--- Provided records Enclosed Below ---

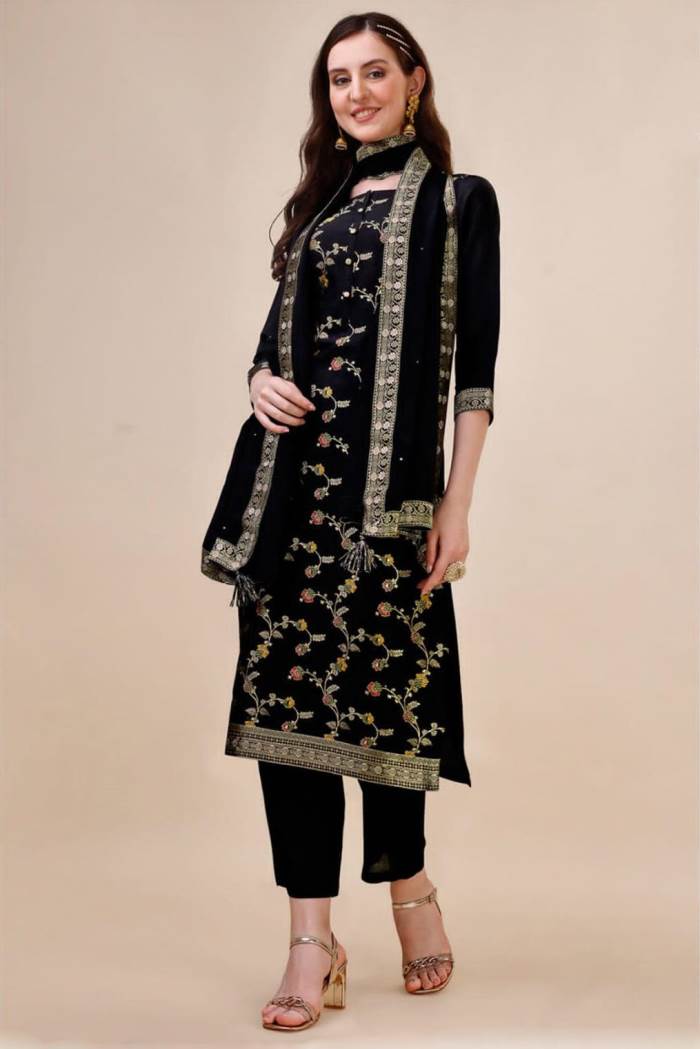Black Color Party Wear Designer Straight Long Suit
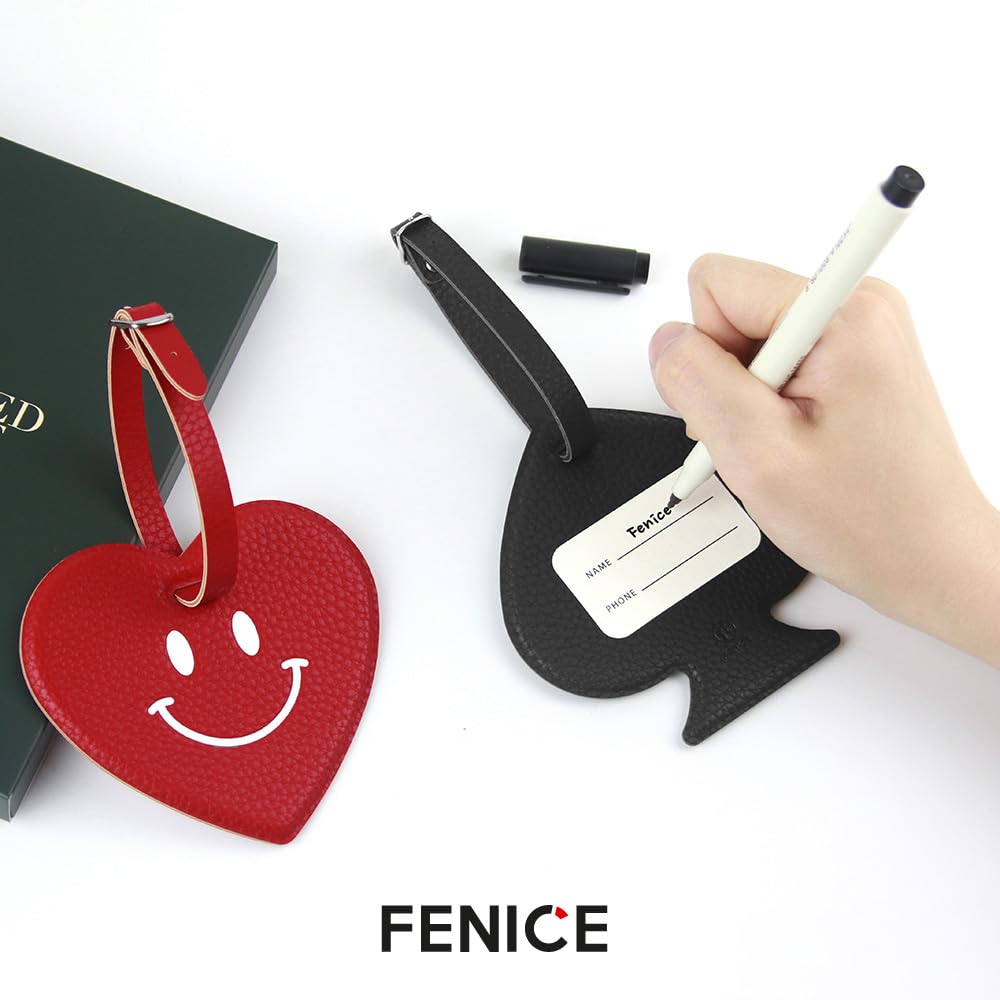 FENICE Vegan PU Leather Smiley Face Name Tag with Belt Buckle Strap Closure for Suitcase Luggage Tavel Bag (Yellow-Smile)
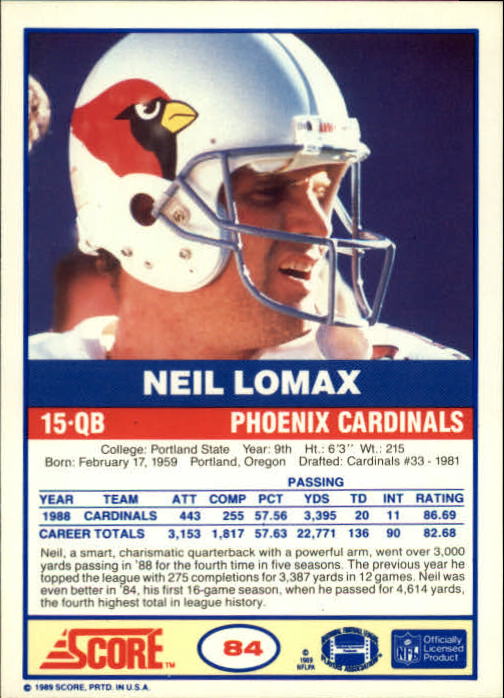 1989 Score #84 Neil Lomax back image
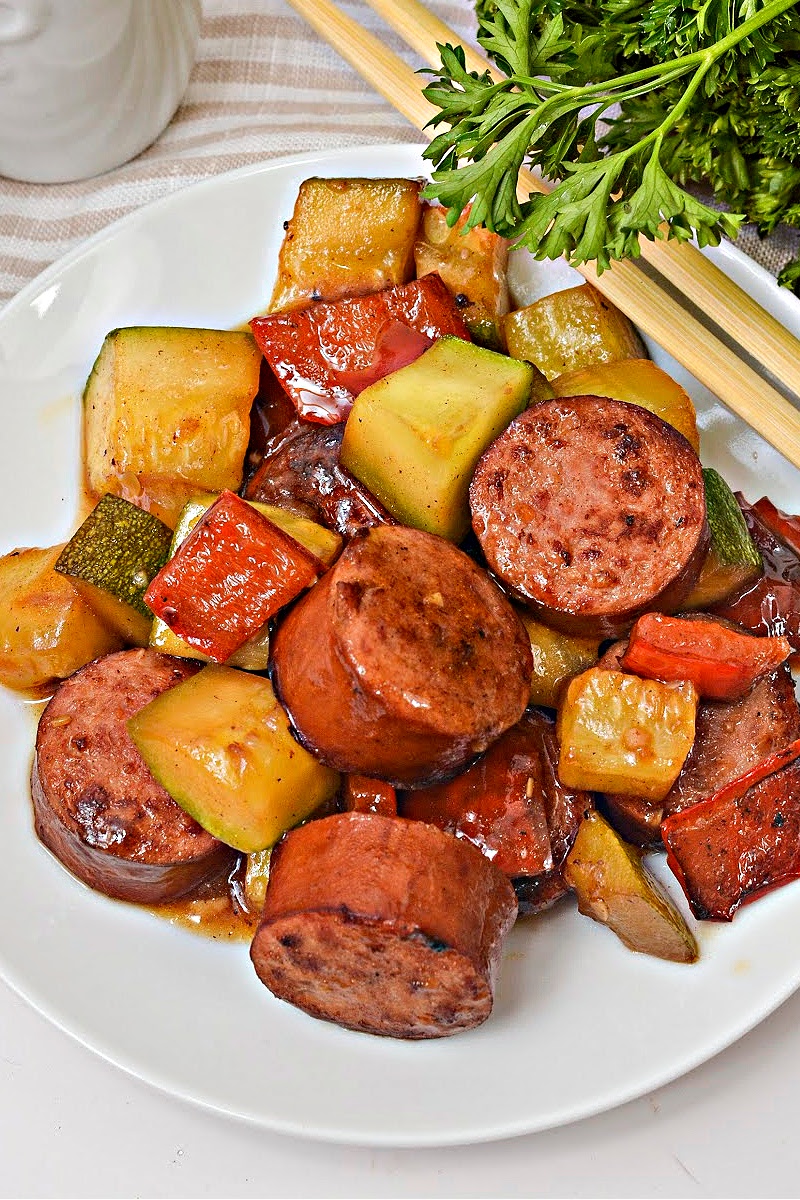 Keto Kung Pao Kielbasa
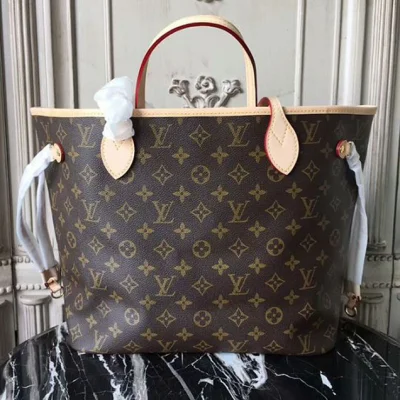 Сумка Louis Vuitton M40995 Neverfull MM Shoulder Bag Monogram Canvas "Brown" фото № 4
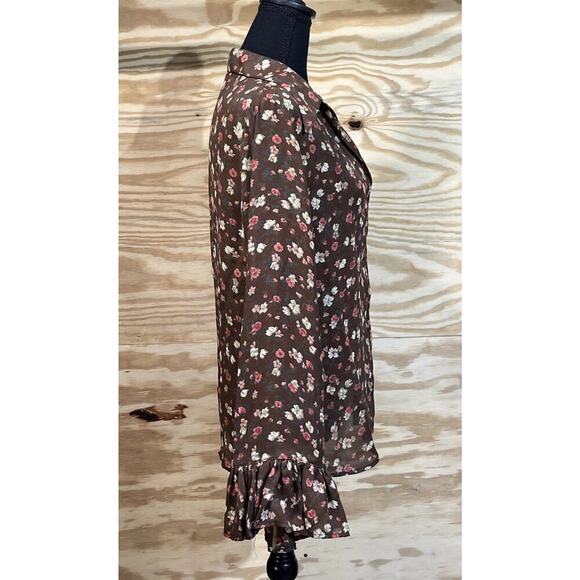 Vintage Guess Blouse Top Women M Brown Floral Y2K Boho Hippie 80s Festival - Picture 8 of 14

--- End of Enclosed Provided records ---

**Problem to work on:**
Restate word for word, and only, the lines from the line that contains "Сумка Louis Vuitton" through the end of the data, both included; pictures are not part of the copy.

**Solution for this problem:**
 Сумка Louis Vuitton M40995 Neverfull MM Shoulder Bag Monogram Canvas "Brown" фото № 4
 Vintage Guess Blouse Top Women M Brown Floral Y2K Boho Hippie 80s Festival - Picture 8 of 14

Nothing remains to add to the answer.